Steve Bannon Says He Did ‘The Lord’s Work’ In A New Trump White House Documentary


In a new documentary, The Brink, premiering at the Sundance Film Festival in Park City, Utah, Steve Bannon, the former chief strategist for the Trump White House says even though he hated every minute he worked there, he believes he was doing “the Lord’s work.”

USA Today reports that Alison Klayman, the director of The Brink, took what she calls a “fly on the wall approach” to Bannon, catching “unguarded” moments at home and on the road in the United States and Europe on various speaking engagements.

Early on in the documentary, Bannon, always a controversial figure, praises the architectural achievements of the Auschwitz concentration camp and defends his time in the Trump White House.

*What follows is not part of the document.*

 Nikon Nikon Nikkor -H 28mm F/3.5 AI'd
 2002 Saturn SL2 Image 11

“There’s no glamour to the job. I hated every second I was there. The West Wing has bad karma to it. They say, ‘Because you were doing bad stuff!’ But I was doing the Lord’s work.”

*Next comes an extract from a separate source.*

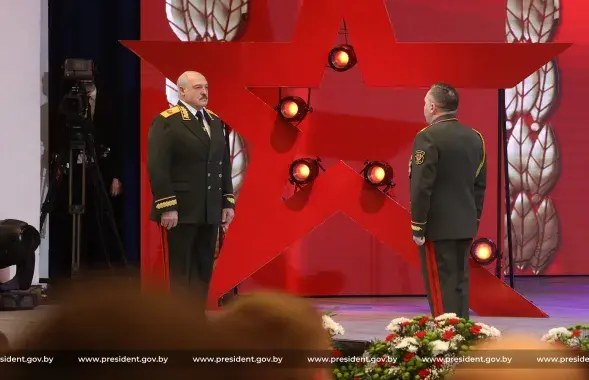 Александр Лукашенко и министр обороны РБ Виктор Хренин / president.gov.by​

John DeFore of the Hollywood Reporter screened and reviewed the Bannon documentary and believes that Bannon has bought into his own press as “the villain” and believes that the media is still obsessed with him. But DeFore says this is all unfounded as Bannon’s message is stale.

“This Bannon is a snooze, occasionally making a wry aside but nearly never saying anything unusually smart or new.”

He adds that Bannon in the flesh and on film has far less of a punch than the articles about him during his time in the White House, which portrayed him as a supposed evil genius behind the president which included press photos that were more interesting when “captured, Sasquatch-like, in one of those rumpled-wino photographs.”

The documentary also talks about Bannon’s struggle to lose weight, showing him juicing and sharing his love of kombucha as he goes on the road seeming committed to sharing his message and carefully avoiding pressure to throw Donald Trump under the bus.

The Daily Beast says that Bannon still believes he learned a lot from Trump the man during his short tenure in the White House and on the campaign trail. He says that the president taught him that there is really no such thing as bad press.

Bannon believes that 30 years from now, Trump will be part of everyone’s personal life, like it or not, and he believes that Trump’s messages will have a lasting effect on our culture.

“Donald Trump is a historical figure and a transformative president.”